Eine davon, die zu den Zukunftszielen der Stadt passt, die Donaustadt und auch die Stadt Wien weiter aufwerten und Chancen für eine nachhaltige und klimaverträgliche Stadt- und Verkehrsplanung eröffnen würde, liegt praktisch auf der Hand. Nein, es ist keine Eier legende Wollmilchsau. Allerdings hängt sie mit einem der schwersten Fehler zusammen, die in der Seestadt passieren: der Riesengarage mitten in der Stadt, unmittelbar an der U-Bahnstation, "Seehub" genannt, die zum Umstieg vom Auto auf die U-Bahn anregen soll. Für eine klimagerechte autofrei Stadt ist diese Garage jedoch am falschen Platz, weil sie erst recht Autoverkehr in die Seestadt zieht.

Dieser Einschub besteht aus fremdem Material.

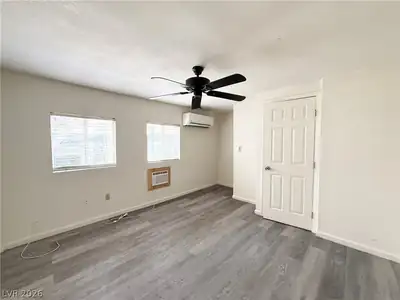 405 South 15th Street B Bedroom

Südlich der Seestadt liegt eine bereits dahinsiechende zukünftige Industriebrache, das Opel-Werk oder was davon noch übrig ist. Dieses ist an die Groß-Enzersdorfer Straße angeschlossen, die derzeit als "unerträglich belastet" durch die Stadtstraße entlastet werden soll. Nur liegt diese rund 1,5 Kilometer nördlich und verläuft parallel und ohne eine Verbindung zu der Straße, die sie auf wunderbare Weise entlasten soll.

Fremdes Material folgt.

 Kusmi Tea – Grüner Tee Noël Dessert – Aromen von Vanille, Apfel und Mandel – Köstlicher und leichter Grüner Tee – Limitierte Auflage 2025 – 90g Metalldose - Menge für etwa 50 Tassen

Sinnvoll wäre eine Verlängerung der U2, die bisher in der Seestadt endet, um einen halben Kilometer. Die neue Haltestelle läge dann mitten auf dem riesigen Parkplatz vor dem Opel-
Gelände, auf dem rund 1.500 Pkw abgestellt werden können. Würde man auf dieser bereits versiegelten Fläche eine Hochgarage bauen - angepasst an den Bedarf -, läge der neue "Hub" an der richtigen Stelle, wo man nicht nur das bestehende Problem mildern und sanieren könnte, sondern noch folgende Wirkungen entstünden:
- Diese Alternative zur Stadtstraße würde die Seestadt vor dem Durchgangsverkehr schützen, der ihr durch die Stadtstraße droht.
- Der "Hub" läge dennoch nahe beim Zentrum von Aspern, die Verkehrsberuhigung würde die lokale Wirtschaft aufwerten.
- Die U2-Haltstelle läge in attraktiver Fahrraddistanz zu den umgebenden Gebieten.
- Sie würde eine Verbindung der ganzen Stadt mit dem Nationalpark Donauauen mit dem öffentlichen Verkehr und dem Fahrrad schaffen. Der Slogan "Die Stadt gehört Dir" - würde dann auch hier passen.
- Die U-Bahn würde zu Zielen der Stadt passen, die Wiener Wirtschaft zu stärken und nicht jene außerhalb der Stadt, wie es die Autobahnen tun.
- Diese Alternative würde eine kompakte zukunftsfähige Stadtentwicklung in der bisher sträflich vernachlässigten Donaustadt.
- Es käme auch zu einer wechselweisen Aufwertung der bestehenden und neuen Straßenbahnen durch die Potenziale der U-Bahn.
- Diese Verkehrslösung entspräche den Klimazielen, würde die Verkehrssicherheit erhöhen und den Stress im Verkehr verringern.
- Wien könnte damit werben, dass man mit der U-Bahn sozusagen direkt einen Nationalpark erreichen könnte, eine weltweit ziemlich ideale Situation im Städtewettbewerb.
-Die Lösung würde die Seestadt erweitern, und man könnte die Zerstörung der jahrhundertealten Gartenbetriebe durch rücksichtlose unbedachte Wohnlandwidmung stoppen und so die weitere Versorgung der Bevölkerung mit gesunden, lokalen Lebensmitteln sichern.

Warum kommt eine personell nicht unterbesetzte Stadtplanung mit Planungsdirektor und Millionen-Ausgaben für Beratung nicht auf so simple und fachlich solide zu vertretende Lösungen? Hängt das mit dem jahrzehntealten Gesetz "Geld mal Geist ist eine Konstante" zusammen. Dies wusste man noch, als der Geist die Mobilität bestimmte und die Menschen noch aufrecht über die Erde gingen: "Wer es nicht im Kopf hat, muss es in den Beinen haben." Das führt aber wieder zur Frage nach dem Geld und damit zu den PS der Autos, womit man wieder bei der Stadtstraße wäre. Und wer glaubt, das wäre ein Zirkelschluss irrt und möge bei Rupert Riedl oder in meinen Lehrbüchern nachlesen.